**EXERCISE:**
A line belongs in the answer if it contains "tweet"; copy every such line from the entries below.

Items listed in a dataset:

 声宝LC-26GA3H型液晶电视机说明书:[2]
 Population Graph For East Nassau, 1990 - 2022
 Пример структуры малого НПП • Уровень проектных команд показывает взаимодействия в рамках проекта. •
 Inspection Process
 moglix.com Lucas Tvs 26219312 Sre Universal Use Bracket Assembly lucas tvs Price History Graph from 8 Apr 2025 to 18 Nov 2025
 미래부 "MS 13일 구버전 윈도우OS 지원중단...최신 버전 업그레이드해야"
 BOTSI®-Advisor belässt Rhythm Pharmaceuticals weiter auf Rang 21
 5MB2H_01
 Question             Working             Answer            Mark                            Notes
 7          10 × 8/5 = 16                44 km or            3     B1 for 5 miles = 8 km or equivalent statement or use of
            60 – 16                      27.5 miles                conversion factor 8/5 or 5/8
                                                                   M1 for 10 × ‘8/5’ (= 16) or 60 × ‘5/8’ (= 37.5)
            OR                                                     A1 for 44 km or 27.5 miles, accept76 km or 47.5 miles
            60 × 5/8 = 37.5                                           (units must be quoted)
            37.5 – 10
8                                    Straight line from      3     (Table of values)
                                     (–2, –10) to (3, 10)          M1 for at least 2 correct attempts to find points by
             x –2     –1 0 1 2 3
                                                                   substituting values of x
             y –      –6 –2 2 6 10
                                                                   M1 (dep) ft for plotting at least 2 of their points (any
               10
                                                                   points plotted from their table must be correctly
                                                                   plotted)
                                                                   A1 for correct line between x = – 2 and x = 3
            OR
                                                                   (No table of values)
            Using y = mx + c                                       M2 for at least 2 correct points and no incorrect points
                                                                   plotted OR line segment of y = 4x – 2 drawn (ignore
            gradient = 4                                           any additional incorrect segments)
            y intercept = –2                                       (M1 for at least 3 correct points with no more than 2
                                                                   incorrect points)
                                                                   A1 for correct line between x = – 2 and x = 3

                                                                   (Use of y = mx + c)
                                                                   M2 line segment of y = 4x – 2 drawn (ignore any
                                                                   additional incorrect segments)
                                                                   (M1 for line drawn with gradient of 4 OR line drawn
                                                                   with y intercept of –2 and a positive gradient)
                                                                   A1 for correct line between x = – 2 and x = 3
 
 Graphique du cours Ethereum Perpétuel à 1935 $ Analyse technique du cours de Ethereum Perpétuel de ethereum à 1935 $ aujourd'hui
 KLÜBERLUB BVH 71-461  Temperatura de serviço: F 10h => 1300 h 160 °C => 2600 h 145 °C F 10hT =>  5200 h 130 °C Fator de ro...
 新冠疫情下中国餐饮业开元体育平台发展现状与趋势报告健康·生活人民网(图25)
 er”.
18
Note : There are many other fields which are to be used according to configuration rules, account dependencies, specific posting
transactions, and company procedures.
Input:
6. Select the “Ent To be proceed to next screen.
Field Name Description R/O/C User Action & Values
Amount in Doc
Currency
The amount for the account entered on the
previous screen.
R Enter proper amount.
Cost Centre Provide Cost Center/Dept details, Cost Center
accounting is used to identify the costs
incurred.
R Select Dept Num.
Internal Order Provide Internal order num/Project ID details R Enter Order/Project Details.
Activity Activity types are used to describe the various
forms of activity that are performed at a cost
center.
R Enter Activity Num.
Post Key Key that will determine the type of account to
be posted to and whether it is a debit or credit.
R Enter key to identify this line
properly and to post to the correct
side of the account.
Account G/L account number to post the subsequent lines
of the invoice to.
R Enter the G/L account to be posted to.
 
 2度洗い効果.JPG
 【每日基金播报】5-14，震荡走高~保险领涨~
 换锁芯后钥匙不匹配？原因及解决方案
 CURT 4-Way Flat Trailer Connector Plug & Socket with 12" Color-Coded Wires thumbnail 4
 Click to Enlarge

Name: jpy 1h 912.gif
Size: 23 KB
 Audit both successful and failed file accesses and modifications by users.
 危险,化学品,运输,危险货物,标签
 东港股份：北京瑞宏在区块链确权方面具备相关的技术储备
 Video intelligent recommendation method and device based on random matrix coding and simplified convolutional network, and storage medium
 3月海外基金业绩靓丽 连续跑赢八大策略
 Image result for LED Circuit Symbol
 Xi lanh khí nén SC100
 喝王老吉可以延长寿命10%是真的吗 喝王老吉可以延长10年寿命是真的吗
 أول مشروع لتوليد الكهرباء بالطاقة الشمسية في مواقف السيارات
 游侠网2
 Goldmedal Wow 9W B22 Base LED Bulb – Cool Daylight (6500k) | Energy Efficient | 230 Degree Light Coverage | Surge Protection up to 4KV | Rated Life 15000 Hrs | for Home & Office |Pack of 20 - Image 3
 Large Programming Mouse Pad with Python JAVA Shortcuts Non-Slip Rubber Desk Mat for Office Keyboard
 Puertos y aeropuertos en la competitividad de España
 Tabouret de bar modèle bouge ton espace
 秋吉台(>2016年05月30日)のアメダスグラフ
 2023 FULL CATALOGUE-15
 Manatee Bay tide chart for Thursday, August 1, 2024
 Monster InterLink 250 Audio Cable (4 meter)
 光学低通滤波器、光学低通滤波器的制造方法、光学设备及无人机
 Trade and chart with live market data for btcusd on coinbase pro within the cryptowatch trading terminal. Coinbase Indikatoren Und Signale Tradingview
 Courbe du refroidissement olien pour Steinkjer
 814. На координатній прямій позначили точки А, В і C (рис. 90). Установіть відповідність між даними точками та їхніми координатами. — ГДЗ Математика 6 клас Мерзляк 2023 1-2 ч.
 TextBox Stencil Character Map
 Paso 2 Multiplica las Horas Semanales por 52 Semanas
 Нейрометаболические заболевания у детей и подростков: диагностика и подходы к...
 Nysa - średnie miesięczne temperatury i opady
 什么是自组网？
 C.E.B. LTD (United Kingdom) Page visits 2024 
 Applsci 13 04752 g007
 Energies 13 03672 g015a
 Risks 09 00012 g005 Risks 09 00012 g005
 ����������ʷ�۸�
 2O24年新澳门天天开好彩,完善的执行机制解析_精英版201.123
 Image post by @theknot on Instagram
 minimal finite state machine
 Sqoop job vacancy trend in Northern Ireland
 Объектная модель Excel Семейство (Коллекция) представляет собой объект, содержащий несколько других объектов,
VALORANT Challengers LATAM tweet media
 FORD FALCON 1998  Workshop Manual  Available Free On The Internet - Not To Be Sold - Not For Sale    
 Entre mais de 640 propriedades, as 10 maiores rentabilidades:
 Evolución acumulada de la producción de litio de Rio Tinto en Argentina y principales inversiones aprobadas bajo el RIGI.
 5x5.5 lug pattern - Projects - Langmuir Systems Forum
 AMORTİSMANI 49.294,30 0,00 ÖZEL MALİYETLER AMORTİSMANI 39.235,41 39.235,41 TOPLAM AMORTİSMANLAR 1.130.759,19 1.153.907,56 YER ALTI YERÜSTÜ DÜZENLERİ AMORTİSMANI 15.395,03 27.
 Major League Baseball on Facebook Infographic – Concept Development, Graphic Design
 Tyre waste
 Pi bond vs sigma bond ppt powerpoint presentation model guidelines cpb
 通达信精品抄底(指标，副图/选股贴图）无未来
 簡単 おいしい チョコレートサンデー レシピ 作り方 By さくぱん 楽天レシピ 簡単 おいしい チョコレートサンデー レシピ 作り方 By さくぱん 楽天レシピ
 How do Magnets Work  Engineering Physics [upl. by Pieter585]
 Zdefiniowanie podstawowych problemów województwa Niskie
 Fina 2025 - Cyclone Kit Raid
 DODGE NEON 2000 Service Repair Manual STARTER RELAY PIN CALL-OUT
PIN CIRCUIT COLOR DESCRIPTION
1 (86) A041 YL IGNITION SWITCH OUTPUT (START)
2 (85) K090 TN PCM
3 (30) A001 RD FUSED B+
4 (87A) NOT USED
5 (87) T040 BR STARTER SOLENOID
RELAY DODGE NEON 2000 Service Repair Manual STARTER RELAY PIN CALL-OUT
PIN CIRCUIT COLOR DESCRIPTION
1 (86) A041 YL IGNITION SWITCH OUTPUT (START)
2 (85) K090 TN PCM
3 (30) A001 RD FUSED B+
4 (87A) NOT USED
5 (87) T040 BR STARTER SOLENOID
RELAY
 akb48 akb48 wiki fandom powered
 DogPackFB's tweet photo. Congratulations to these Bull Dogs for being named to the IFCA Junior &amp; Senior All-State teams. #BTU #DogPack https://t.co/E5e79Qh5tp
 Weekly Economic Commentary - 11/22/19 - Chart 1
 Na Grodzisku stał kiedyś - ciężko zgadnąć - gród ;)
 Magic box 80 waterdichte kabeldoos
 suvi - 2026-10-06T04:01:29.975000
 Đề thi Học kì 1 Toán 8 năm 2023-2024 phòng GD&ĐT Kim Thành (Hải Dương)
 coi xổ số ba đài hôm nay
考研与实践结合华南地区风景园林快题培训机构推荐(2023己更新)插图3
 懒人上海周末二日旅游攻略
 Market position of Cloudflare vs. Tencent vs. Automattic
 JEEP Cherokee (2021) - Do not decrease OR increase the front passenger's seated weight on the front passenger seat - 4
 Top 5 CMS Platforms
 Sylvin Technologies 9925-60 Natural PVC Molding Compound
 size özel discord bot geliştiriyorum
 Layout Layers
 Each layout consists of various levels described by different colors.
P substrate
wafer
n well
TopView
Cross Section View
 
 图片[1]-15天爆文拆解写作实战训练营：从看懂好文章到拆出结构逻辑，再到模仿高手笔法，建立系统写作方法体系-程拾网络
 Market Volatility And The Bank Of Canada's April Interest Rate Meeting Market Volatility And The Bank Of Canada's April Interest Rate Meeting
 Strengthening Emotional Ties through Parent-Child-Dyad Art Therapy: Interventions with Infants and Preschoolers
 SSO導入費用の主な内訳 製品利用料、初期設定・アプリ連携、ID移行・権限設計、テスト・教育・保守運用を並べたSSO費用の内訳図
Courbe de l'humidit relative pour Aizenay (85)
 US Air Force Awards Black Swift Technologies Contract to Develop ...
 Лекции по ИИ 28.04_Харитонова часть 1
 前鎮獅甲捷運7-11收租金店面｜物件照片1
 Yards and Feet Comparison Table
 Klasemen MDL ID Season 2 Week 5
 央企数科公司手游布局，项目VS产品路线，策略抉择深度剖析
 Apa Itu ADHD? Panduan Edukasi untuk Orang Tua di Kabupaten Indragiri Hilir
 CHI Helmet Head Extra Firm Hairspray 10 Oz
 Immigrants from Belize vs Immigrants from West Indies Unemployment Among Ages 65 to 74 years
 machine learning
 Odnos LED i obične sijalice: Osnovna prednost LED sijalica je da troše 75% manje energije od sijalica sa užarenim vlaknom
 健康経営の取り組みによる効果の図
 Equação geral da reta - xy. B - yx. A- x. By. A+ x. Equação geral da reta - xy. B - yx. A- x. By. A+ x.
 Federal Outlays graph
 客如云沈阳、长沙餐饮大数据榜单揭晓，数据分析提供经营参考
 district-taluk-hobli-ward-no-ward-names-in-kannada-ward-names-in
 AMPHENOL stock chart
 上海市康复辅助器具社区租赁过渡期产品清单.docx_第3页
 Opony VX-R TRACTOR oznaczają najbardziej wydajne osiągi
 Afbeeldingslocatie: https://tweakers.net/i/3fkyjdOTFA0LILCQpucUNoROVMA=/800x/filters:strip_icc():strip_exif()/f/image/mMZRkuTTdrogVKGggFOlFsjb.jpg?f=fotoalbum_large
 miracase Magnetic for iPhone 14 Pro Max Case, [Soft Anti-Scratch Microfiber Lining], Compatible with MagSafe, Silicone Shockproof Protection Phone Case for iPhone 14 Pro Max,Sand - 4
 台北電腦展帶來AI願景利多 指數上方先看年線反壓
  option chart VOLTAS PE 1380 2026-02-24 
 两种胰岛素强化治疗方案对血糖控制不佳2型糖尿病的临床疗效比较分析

**OUTPUT OF THE EXERCISE:**
VALORANT Challengers LATAM tweet media
 DogPackFB's tweet photo. Congratulations to these Bull Dogs for being named to the IFCA Junior &amp; Senior All-State teams. #BTU #DogPack https://t.co/E5e79Qh5tp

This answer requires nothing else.